I have a question related with the blocks execution on the SMx. I´ve performed a experiment where several kernels are launched from different MPI processes in a GPU K20c. The GPU is shared for the MPI processes by CUDA MPS. According to the MPS documentation (https://docs.nvidia.com/deploy/pdf/CUDA_Multi_Process_Service_Overview.pdf), a stream is associated to each MPI process, so that each MPI process can concurrently execute its kernel with other kernel belonging to other MPI process. For understanding this behaviour, I´ve visualized this experiment with Visual Profiler tool. Visual Profiler show me that some kernels are being executed concurrently, but at the same time.

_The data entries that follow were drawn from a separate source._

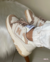 Tênis Feminino NB 550 Creme na internet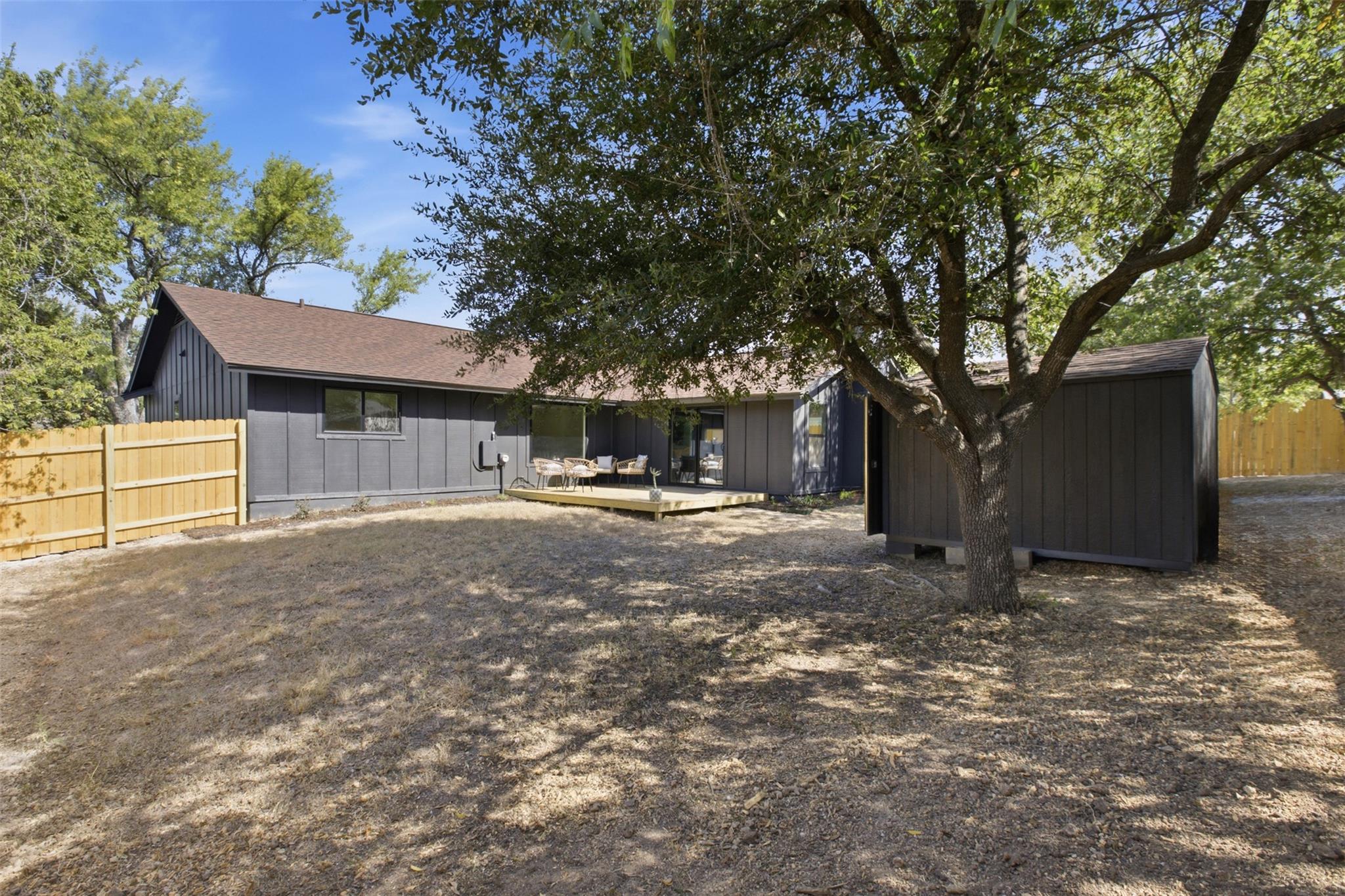 5001 Bundyhill DR, Austin, TX 78723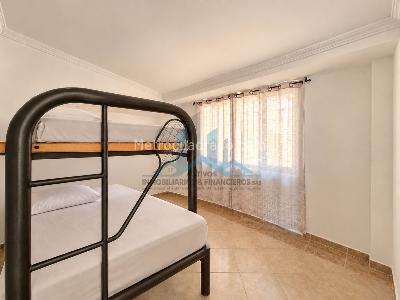 Casa de 4 alcobas en venta en Br Rosablanca, Girardot, 220 m² · foto 12 de 18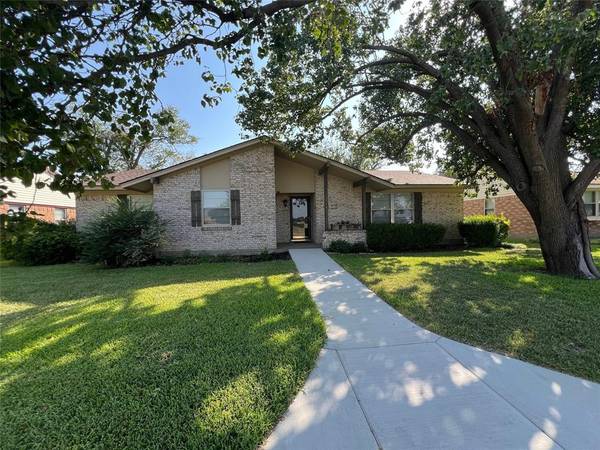 2605 Rustown Drive, Mesquite, TX 75150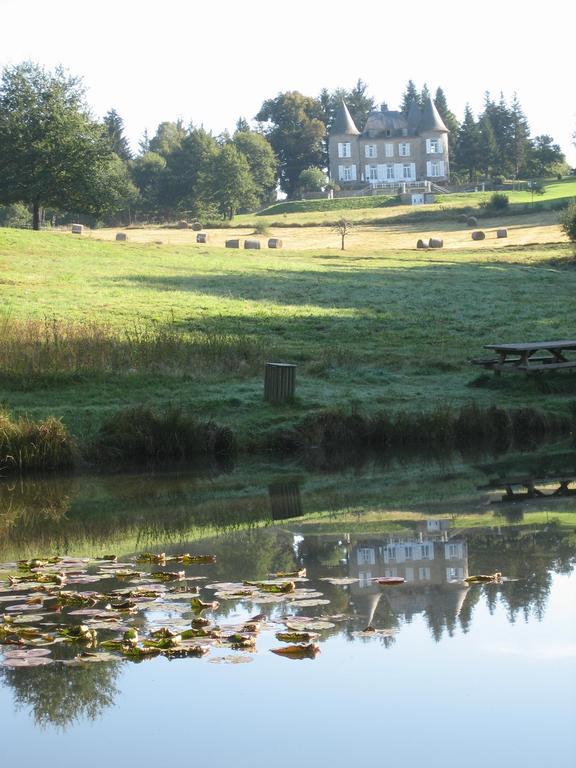Chateau Le Mialaret Neuvic  المظهر الخارجي الصورة
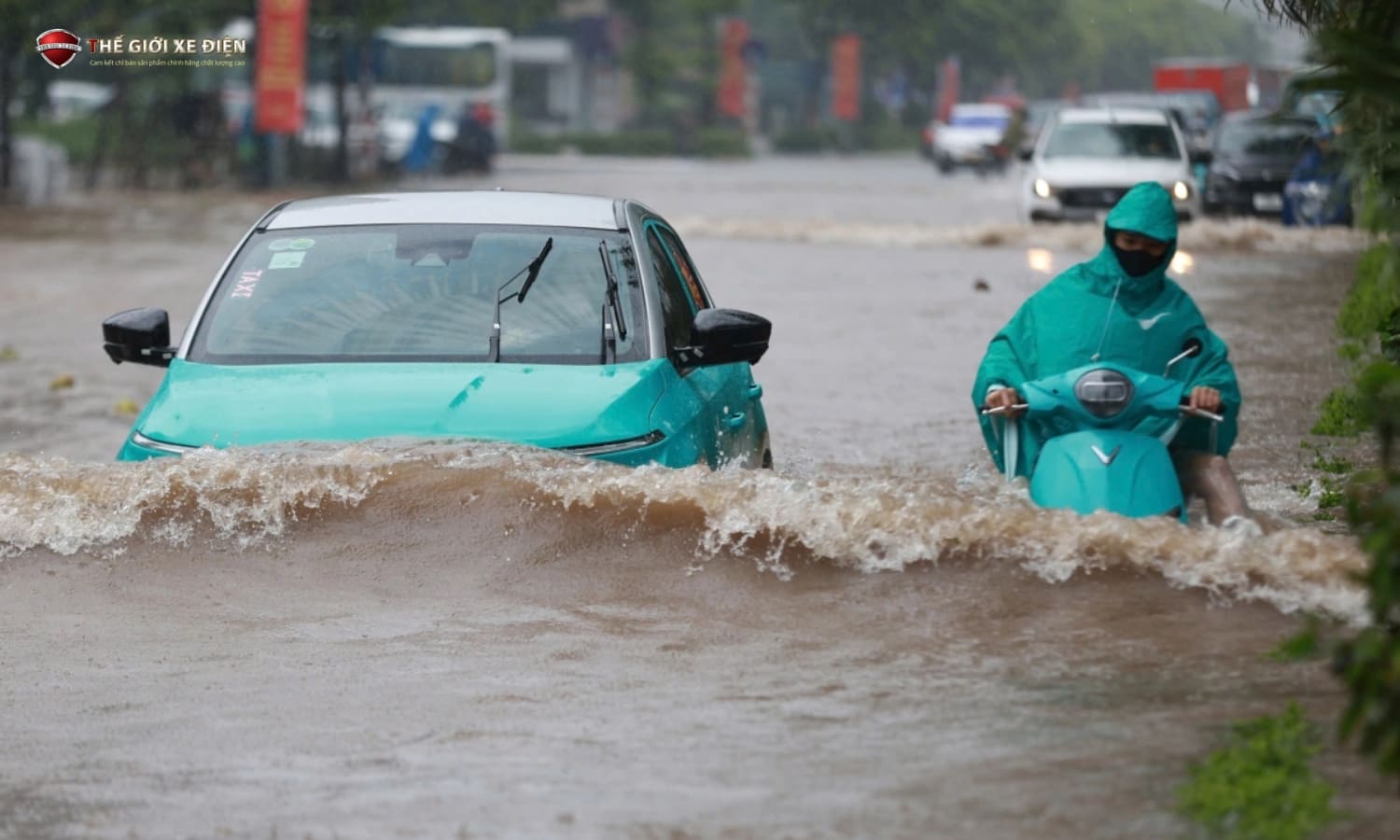 Mùa mưa bão sắp đến, liệu xe máy điện có đỡ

That is to say, both kernels are absolutely overlapped between them (Not only a small part of them). It seems as if the blocks belonging to both kernels are sharing the SMx at the same time. As far as I know, a SMx can only have blocks belonging to the same kernel. Do you have any idea why this is happening?. Thank you so much.
EDIT:
Thanks for your response @RobertCrovella. I´ve taken a look at the slides which you suggested me. According to the slides, each SMx has 4 warps schedulers and that warps can come from either different threadblocks or different concurrent kernels, Ok. I understand that when the expression "different concurrent kernels" is named, it refers to different kernels launched on different streams (concurrently). Therefore, I think that the warps belonging to different blocks from different kernels could be scheduled by the 4 warps schedulers belonging to a SMx. However, I´ve only observed this behaviour when my application is launched with CUDA MPS. When my application is only launched with streams, only a small part of the kernels (the end of a kernel with the start of other kernel) is overlapped. This is normal as far as I know, but the other behaviour is strange for me.